In 1990, just before I left my job as a stockbroker to work full-time in television, the nation was going through a real estate/banking crisis similar to the one it’s going through today. It wasn’t as severe in terms of the number of foreclosures or decline in housing prices, but it was every bit as severe in terms of the stock prices of banks. Then, as now, banks (and especially Savings and Loans) were being raked over the coals, despised by the public, called before congress and threatened with increased regulation. There was a taxpayer bailout.

At the time, it was hard to believe bank stocks could ever be healthy again, and their share prices showed it. In 1990, Citigroup was trading at a split-adjusted price of about $2.00. But ten years later, in 2000, the public and congress had long forgotten any issues with big banks. Citi was back in the $40-$50 range. That’s a 2,000% return in 10 years.

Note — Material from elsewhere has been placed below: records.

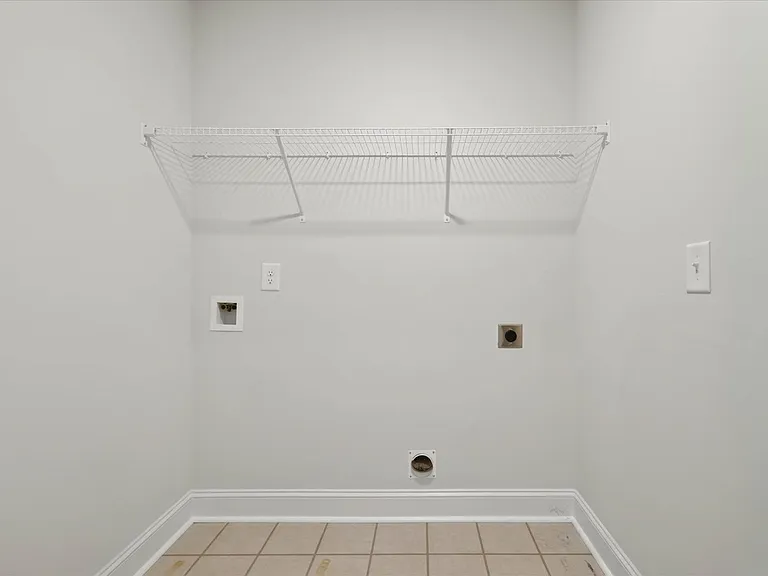 513 Herman Dr — Photo 22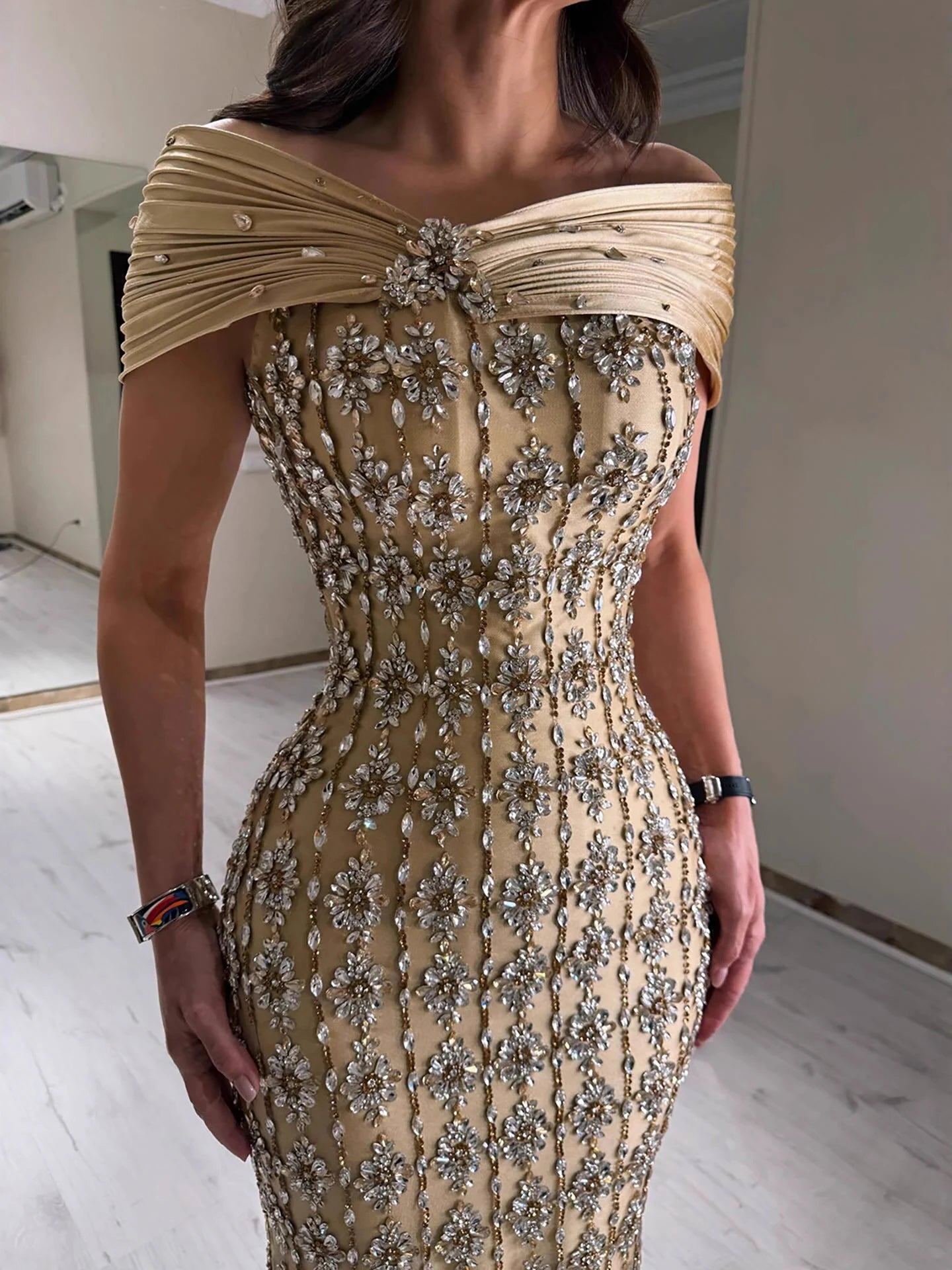 Luxury Gold Arabic Ruffles Evening Dress LA73362 - SERENE HILL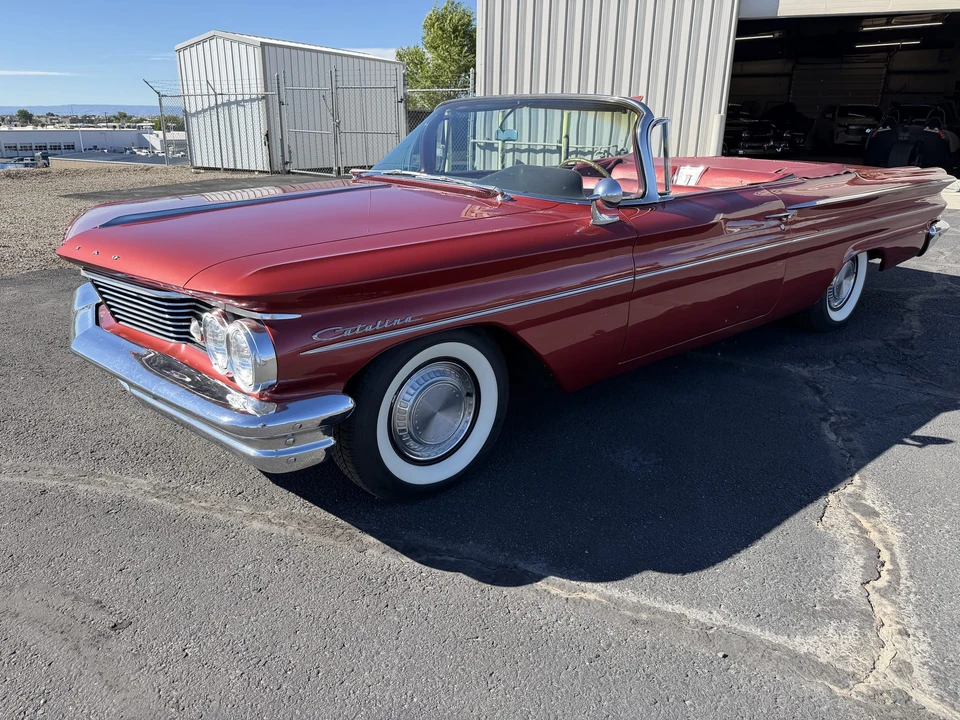 1960 Pontiac Catalina 2nd Gen - Image 16 of 31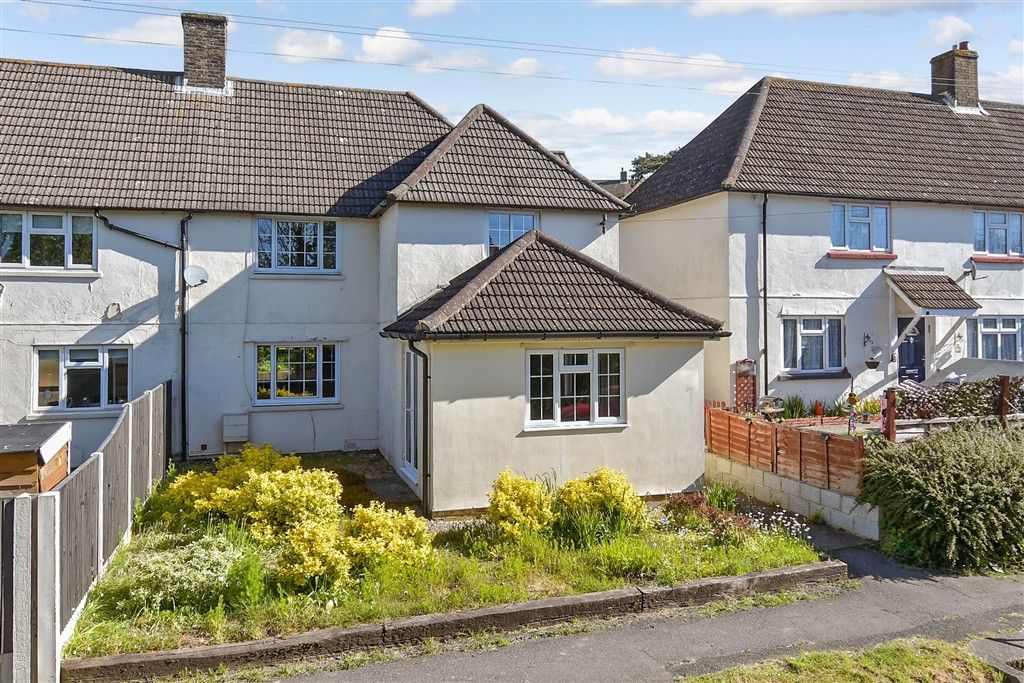 Property photo 1 of 12 External Front Web..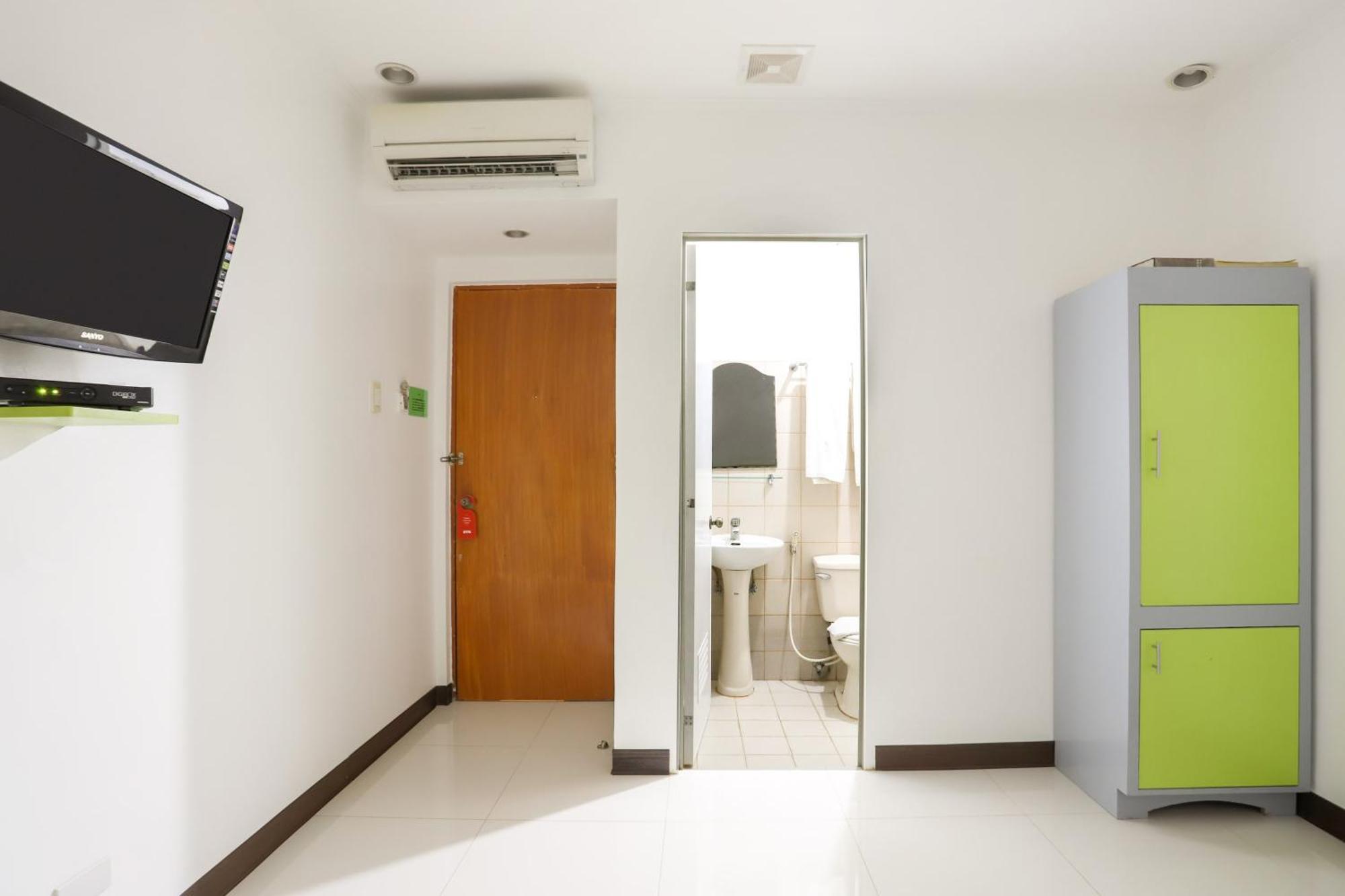 Oyo 210 Apple Tree Suites Cebu Exterior foto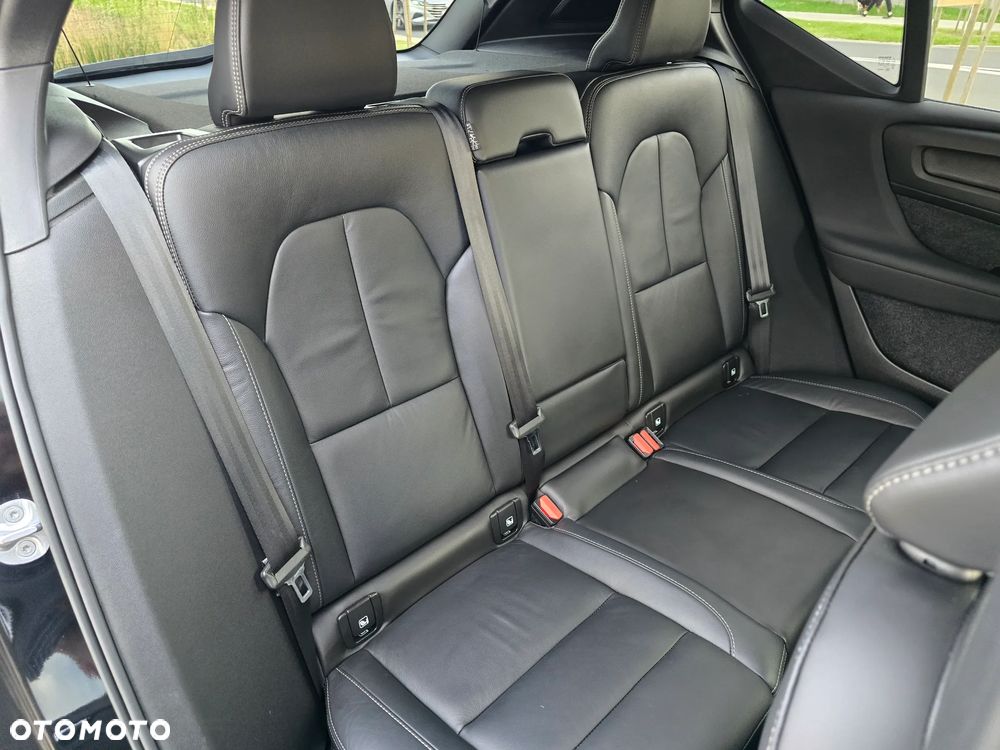 Volvo XC 40 B4 B DKG Plus Dark - 32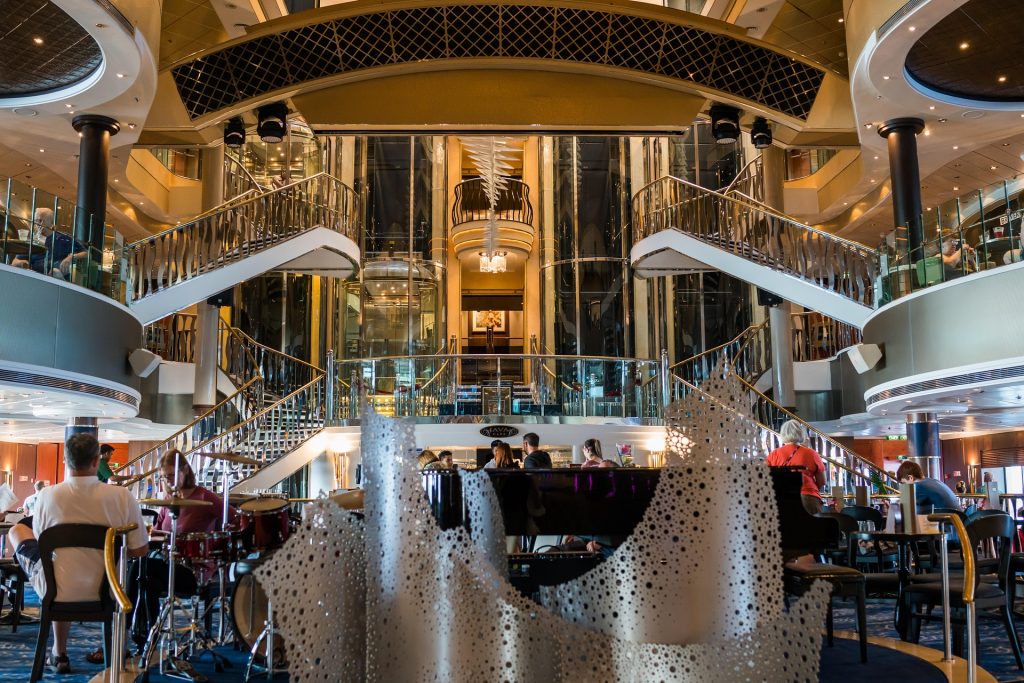 Interno della Norwegian Dawn - Image by <a href="https://pixabay.com/users/michelle_pitzel-165491/?utm_source=link-attribution&utm_medium=referral&utm_campaign=image&utm_content=3266905">Michelle Pitzel</a> from <a href="https://pixabay.com//?utm_source=link-attribution&utm_medium=referral&utm_campaign=image&utm_content=3266905">Pixabay</a>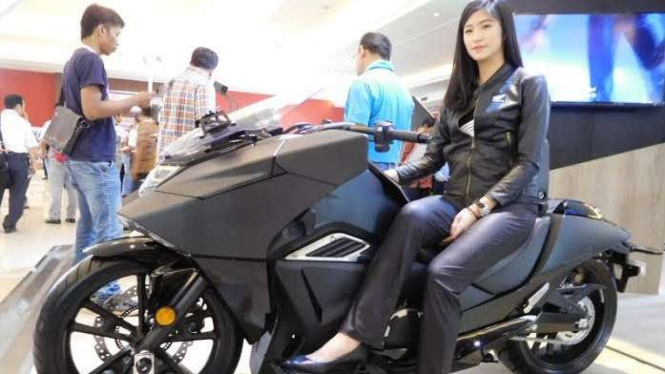 Honda NM4 Vultus 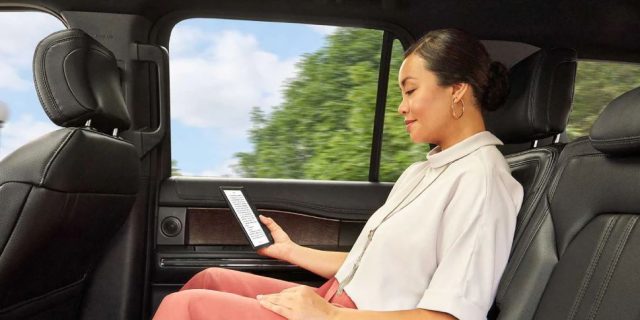 kobo libra h2o e-reader, woman reading in car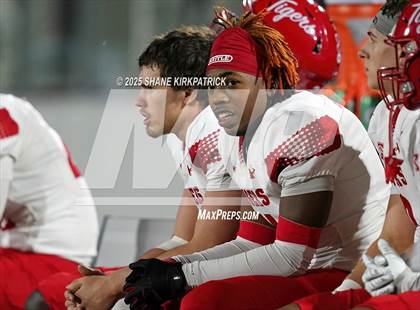 Thumbnail 3 in Terrell vs South Oak Cliff (UIL 5A Div 2 Regional Semifinal) photogallery.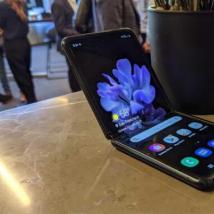 前沿科技资讯：三星Galaxy Z Flip成为2020年最畅销的可折叠智能手机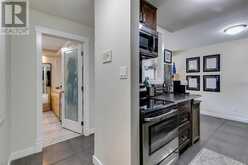 206, 635 57 Avenue SW Calgary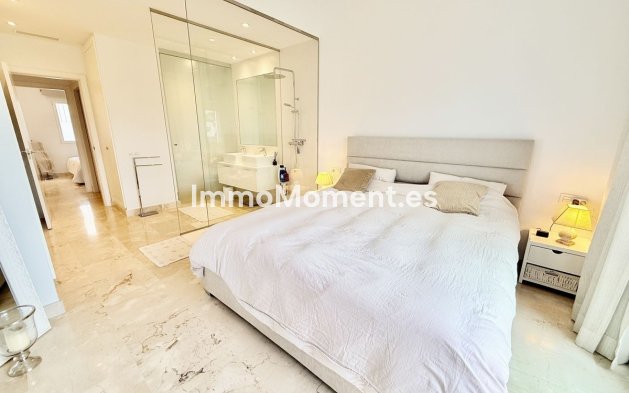 Resale - Apartment - Benahavís - Benahavís Centro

And how many shares of Citi did I own? None. Oh, I’d thought about buying them, of course. Who hadn’t? After all, Citi wasn’t going out of business. But it wasn’t that easy to know where the bottom was. (Hint: it never is.) But one day the stock wasn’t 2 any more, it was 4. Then it was 5. Then 6. I told myself I’d buy it on a pull-back, but that pull-back never came and I never bought. So I promised myself something: If the opportunity to buy Citigroup or other quality names at prices like that every presented itself again in my lifetime, I wouldn’t make the same mistake. And as you see when you look at the portfolio I started building last year, that’s a promise I’ve kept.

Last Friday (4/16/10) I bought 2,000 shares of Citi at $4.59: way more than the $2 I could (should) have paid had I pulled the trigger last year, but better late than never.

I think Citibank could easily be a $20-$25 stock 10 years from now. That’s 500% above today’s price. And as for downside? As in 1990, this company is too big to fail, so it’s really more a matter of “when” than “if.”

As for Huntington Bancshares: this Ohio-based regional bank is another stock I’ve been watching for a long time and should have bought when it was less than $4 just a few months back. I also bought it on 4/16/10, paying $5.46. As with Citi, better late than never. And also as with Citi, as to how wise these moves were, only time will tell.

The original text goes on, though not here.